> _TASK ITEM_:
No pictures go into the copy. Write out exactly the lines below from the one containing "Hello, my name" through the one containing "These are all".

--- TASK MATERIAL Enclosed Below ---

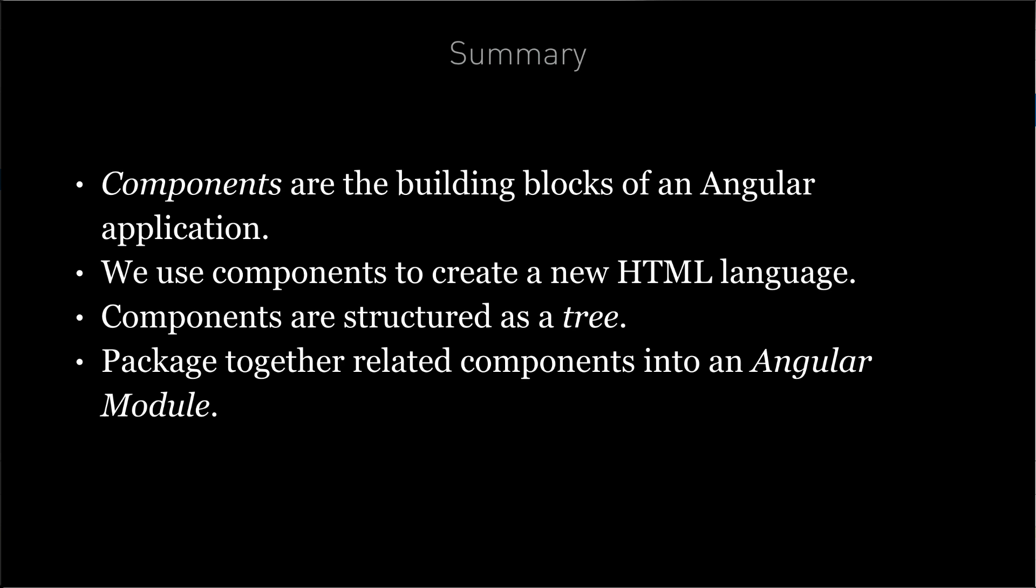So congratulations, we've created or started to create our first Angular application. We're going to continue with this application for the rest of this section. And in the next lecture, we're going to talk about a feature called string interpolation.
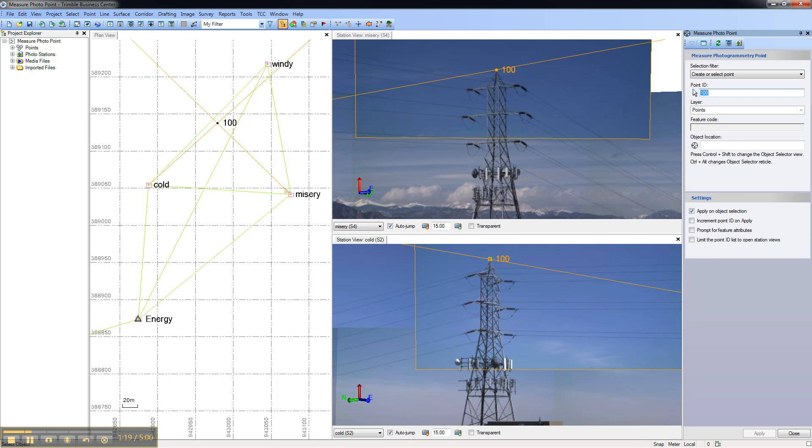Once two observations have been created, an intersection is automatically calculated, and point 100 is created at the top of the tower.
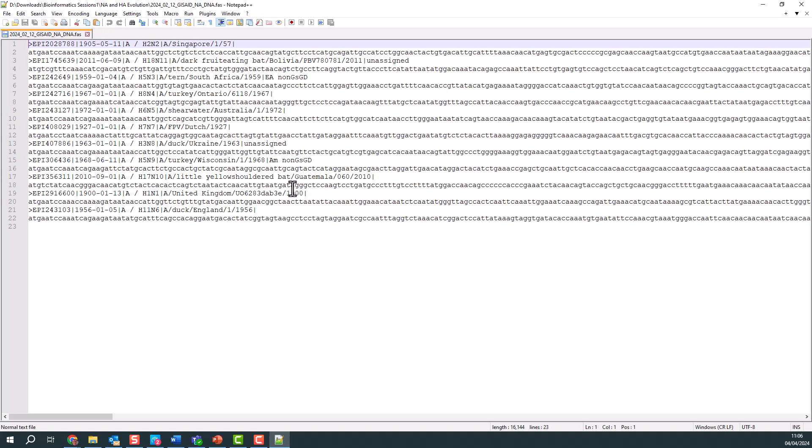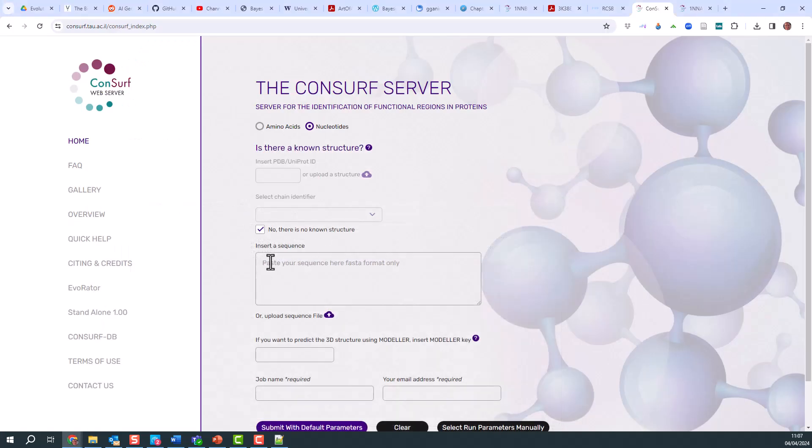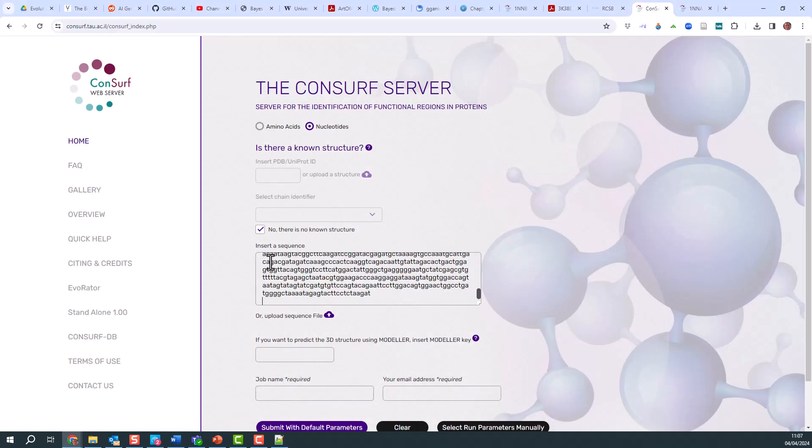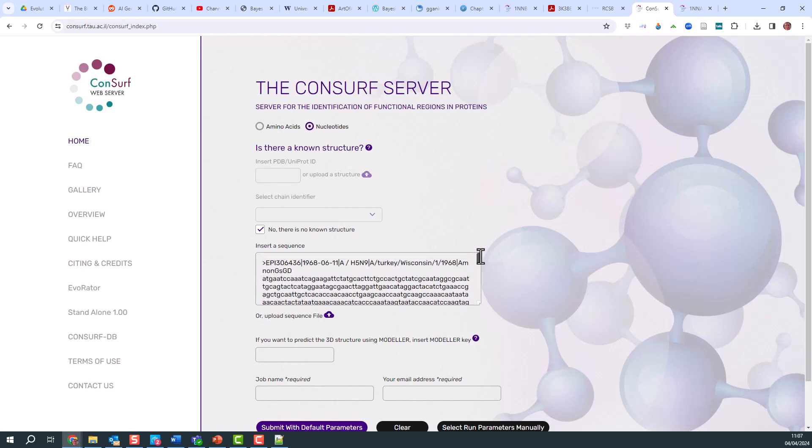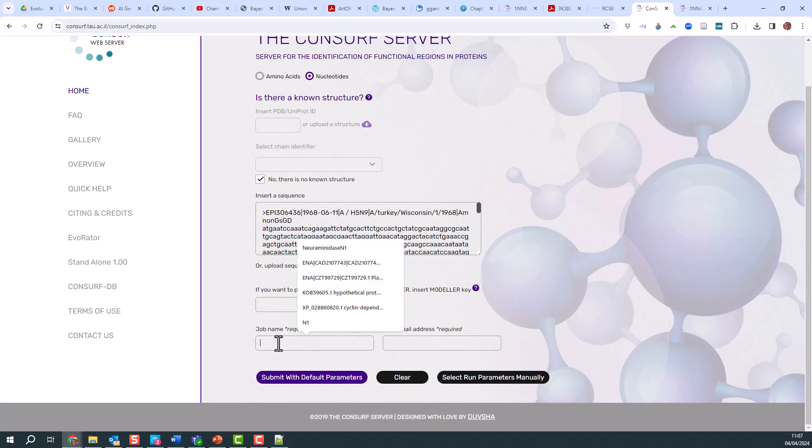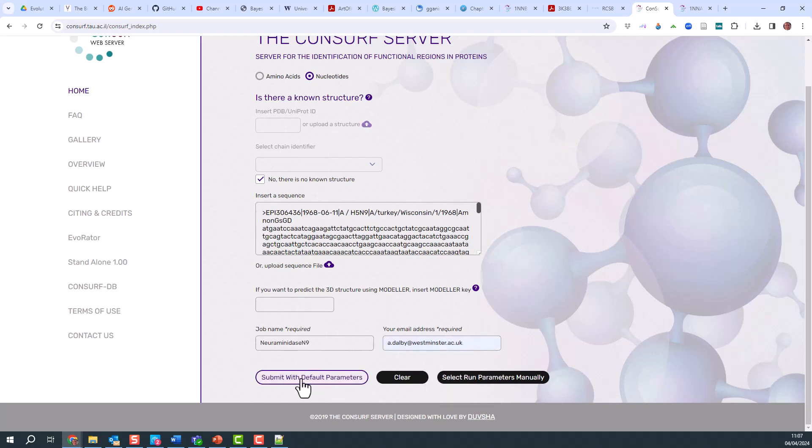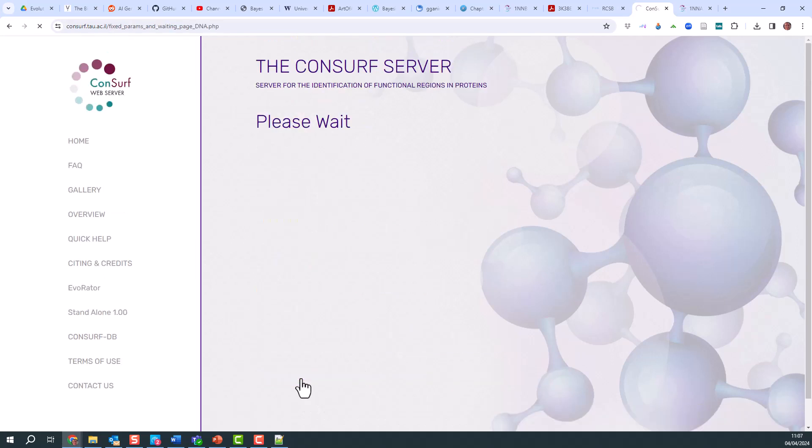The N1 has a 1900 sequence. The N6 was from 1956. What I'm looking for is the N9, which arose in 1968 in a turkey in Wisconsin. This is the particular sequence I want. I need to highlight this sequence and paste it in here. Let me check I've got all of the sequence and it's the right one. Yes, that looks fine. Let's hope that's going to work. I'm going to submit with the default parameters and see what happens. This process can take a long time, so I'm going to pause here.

--- End of Enclosed TASK MATERIAL ---
--- TASK MATERIAL Enclosed Below ---

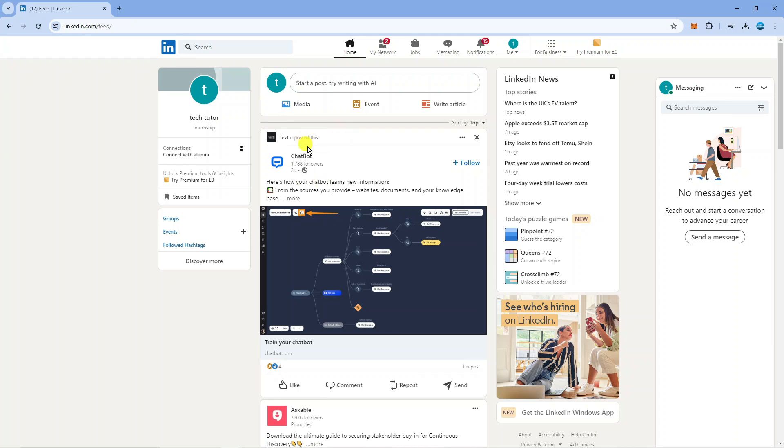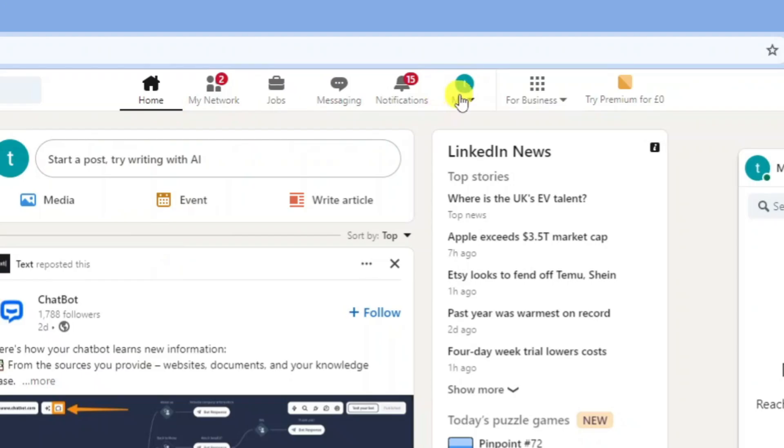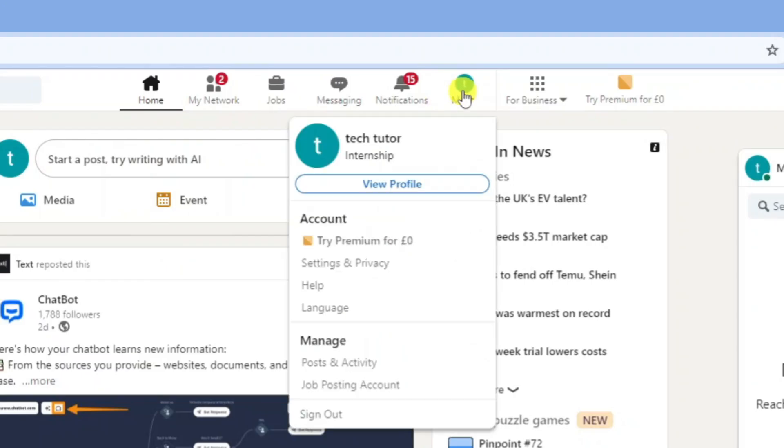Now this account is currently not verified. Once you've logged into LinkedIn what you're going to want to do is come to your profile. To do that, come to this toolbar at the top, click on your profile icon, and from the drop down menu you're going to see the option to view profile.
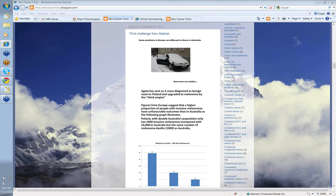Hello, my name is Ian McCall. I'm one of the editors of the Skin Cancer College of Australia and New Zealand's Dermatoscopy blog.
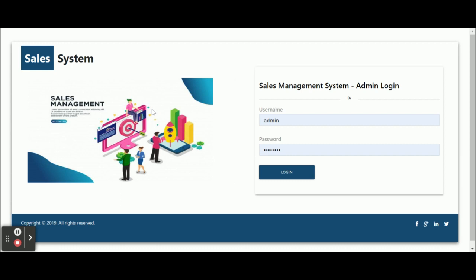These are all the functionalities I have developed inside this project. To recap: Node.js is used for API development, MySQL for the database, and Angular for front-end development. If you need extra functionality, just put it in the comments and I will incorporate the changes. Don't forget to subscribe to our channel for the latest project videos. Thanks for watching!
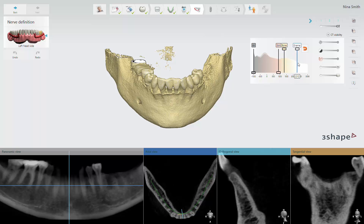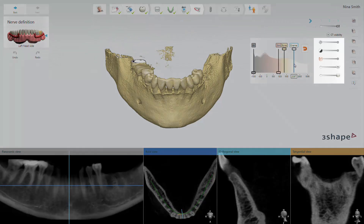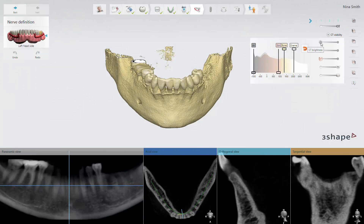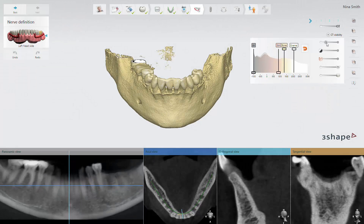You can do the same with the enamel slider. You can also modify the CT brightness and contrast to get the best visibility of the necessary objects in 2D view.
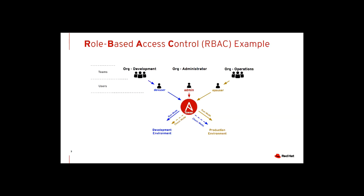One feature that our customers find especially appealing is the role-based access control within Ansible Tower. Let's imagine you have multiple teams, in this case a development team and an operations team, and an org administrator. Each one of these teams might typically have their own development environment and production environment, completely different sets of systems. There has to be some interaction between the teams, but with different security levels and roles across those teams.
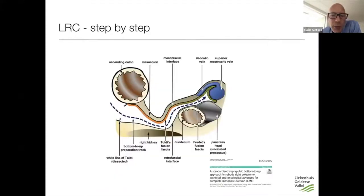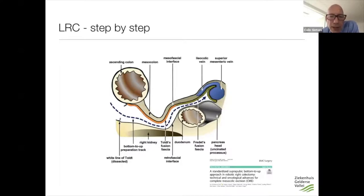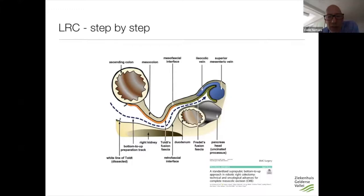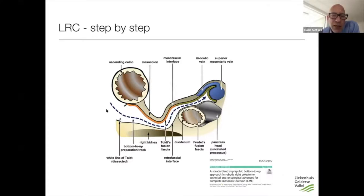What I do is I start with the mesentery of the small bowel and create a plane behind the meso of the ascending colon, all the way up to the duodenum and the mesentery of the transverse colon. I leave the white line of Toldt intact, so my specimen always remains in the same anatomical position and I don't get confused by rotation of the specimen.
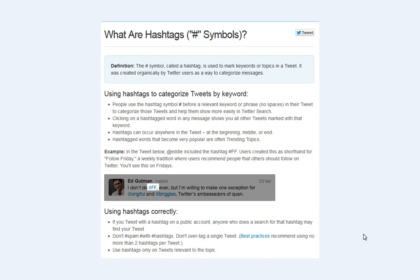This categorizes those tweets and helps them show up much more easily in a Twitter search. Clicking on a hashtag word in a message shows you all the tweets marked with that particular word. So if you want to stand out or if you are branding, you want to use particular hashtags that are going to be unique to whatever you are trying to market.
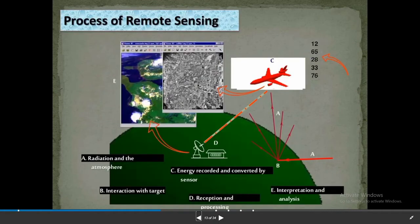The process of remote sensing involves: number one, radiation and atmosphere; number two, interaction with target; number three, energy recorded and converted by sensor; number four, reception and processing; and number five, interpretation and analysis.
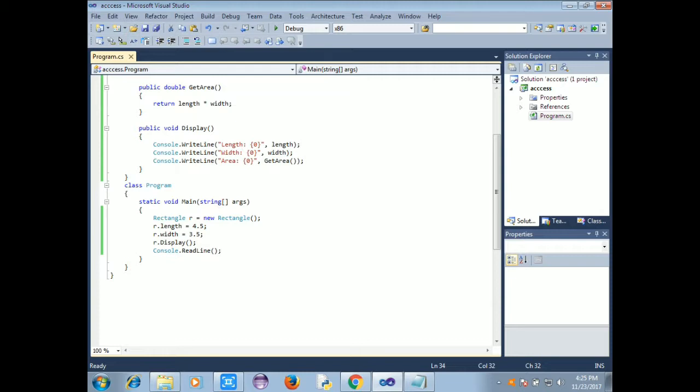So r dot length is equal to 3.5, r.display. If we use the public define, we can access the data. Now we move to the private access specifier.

--- End of Enclosed TASK MATERIAL ---

> _WRITTEN ANSWER_:
Hello, my name is Ian McCall. I'm one of the editors of the Skin Cancer College of Australia and New Zealand's Dermatoscopy blog.
These are all the functionalities I have developed inside this project. To recap: Node.js is used for API development, MySQL for the database, and Angular for front-end development. If you need extra functionality, just put it in the comments and I will incorporate the changes. Don't forget to subscribe to our channel for the latest project videos. Thanks for watching!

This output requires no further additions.